Akşam olduğunda bombayı patlattı gene;
-Ben gidip kendime başka bir aile bulacağım, diyerek giriş yaptı. Kendime düşünme payı bırakmak için; neden, diye sordum.
-Çünkü sen bana hep kızıyorsun.
-Haklısın, kötü bir gündü bugün. Sen çok sıkılıyordun, ben de yeterince vakit ayıramadım sana. Ama insanın ailesi bir tanedir, biriciktir. Öyle her kızdığımızda başka aile bulamayız. Hem başka aileyi nereden bulacaksın, dedim.
-Mirza'lara ya da Şule'lere (teyzesine) gideceğim.
-Peki nasıl gideceksin oraya? Neyle gideceksin? Paran var mı?
-Param yok ama sır olan bir yerde var. Kendi başıma çıkıp gideceğim.
Sarılıp Onu çok sevdiğimi ve onsuz çok mutsuz olacağımı hatta yaşayamayacağımı anlattım. Kötü zamanlarım için de özür diledim.

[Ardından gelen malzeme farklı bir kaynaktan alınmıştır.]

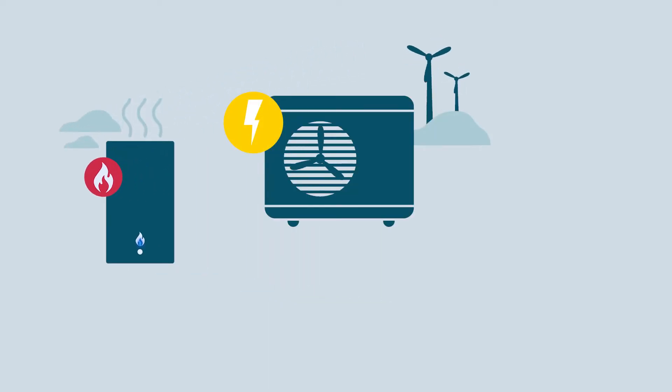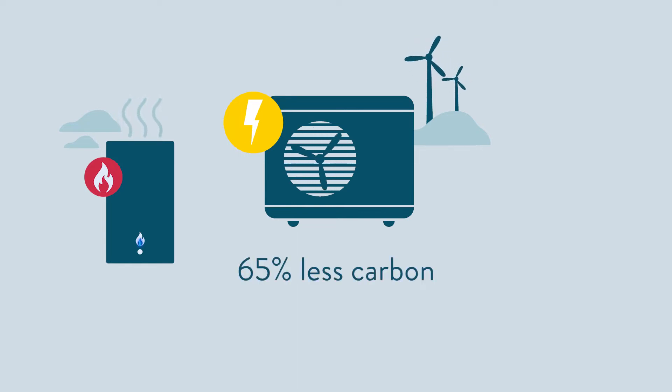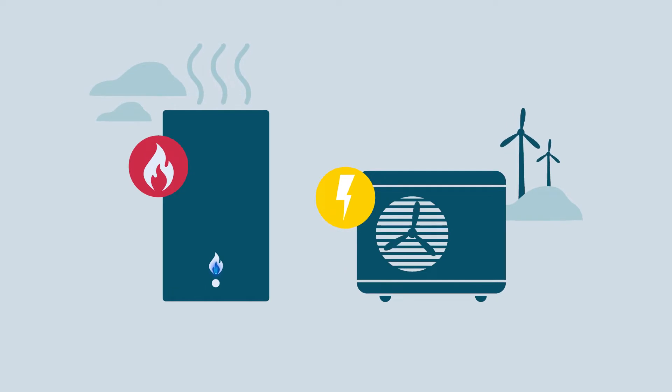A heat pump, on the other hand, uses electricity and emits about 65% less carbon than a gas boiler. Heat pumps do work best when producing much lower temperatures. When you keep the water temperatures low by minimizing the property's heat losses and by choosing the right heat emitter, you maximize the efficiency of the heat pump — and this is one of its biggest benefits.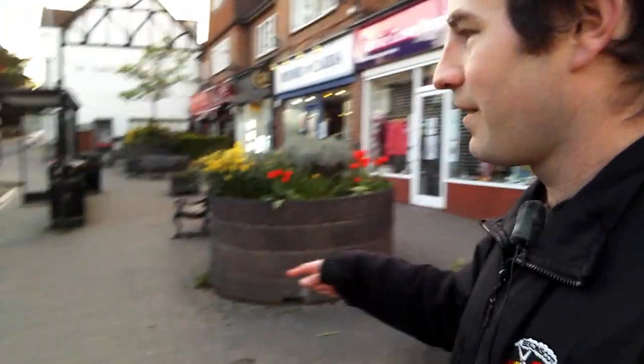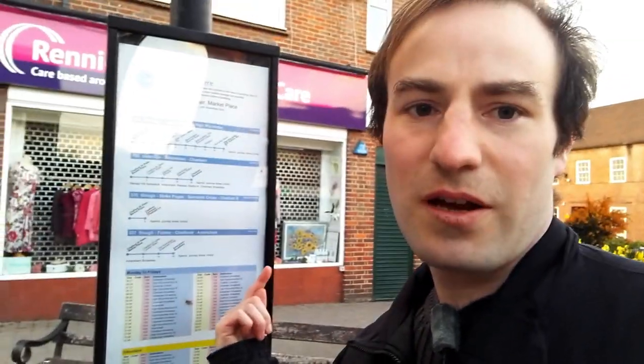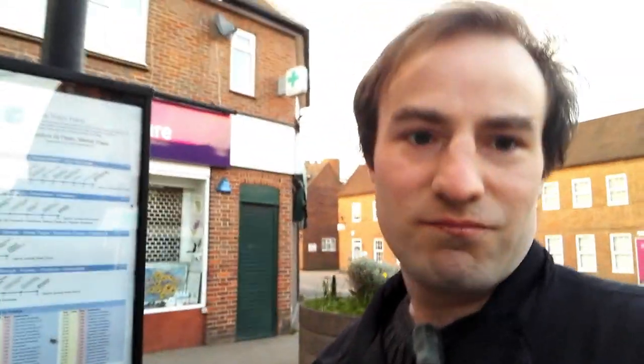Here is the centre of Chalfont St Peter. Chances are, if you live in Chalfont St Peter and you want to get to a railway station and you don't have access to a car, you're probably going to come here. This bus stop here is where buses go towards Amersham — to Amersham, High Wycombe and Chesham. So for High Wycombe, it's on the Chiltern Main Line, like Gerrard's Cross, so you'd probably get a bus there to Gerrard's Cross. But if you wanted the Met, you could go to Amersham.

Geçen gün de "Ben ölürsem görürsün sen." dedi sıkıştığı sırada. "Hem de ölürsem cennete de gitmeyeceğim." Peki nereye gideceksin, diye sorduğumda böyle dünya gibi olmayan bir yere ama cennet de değil, dedi. Araf'a mı gitceksin maazallah dedim. Evet, dedi.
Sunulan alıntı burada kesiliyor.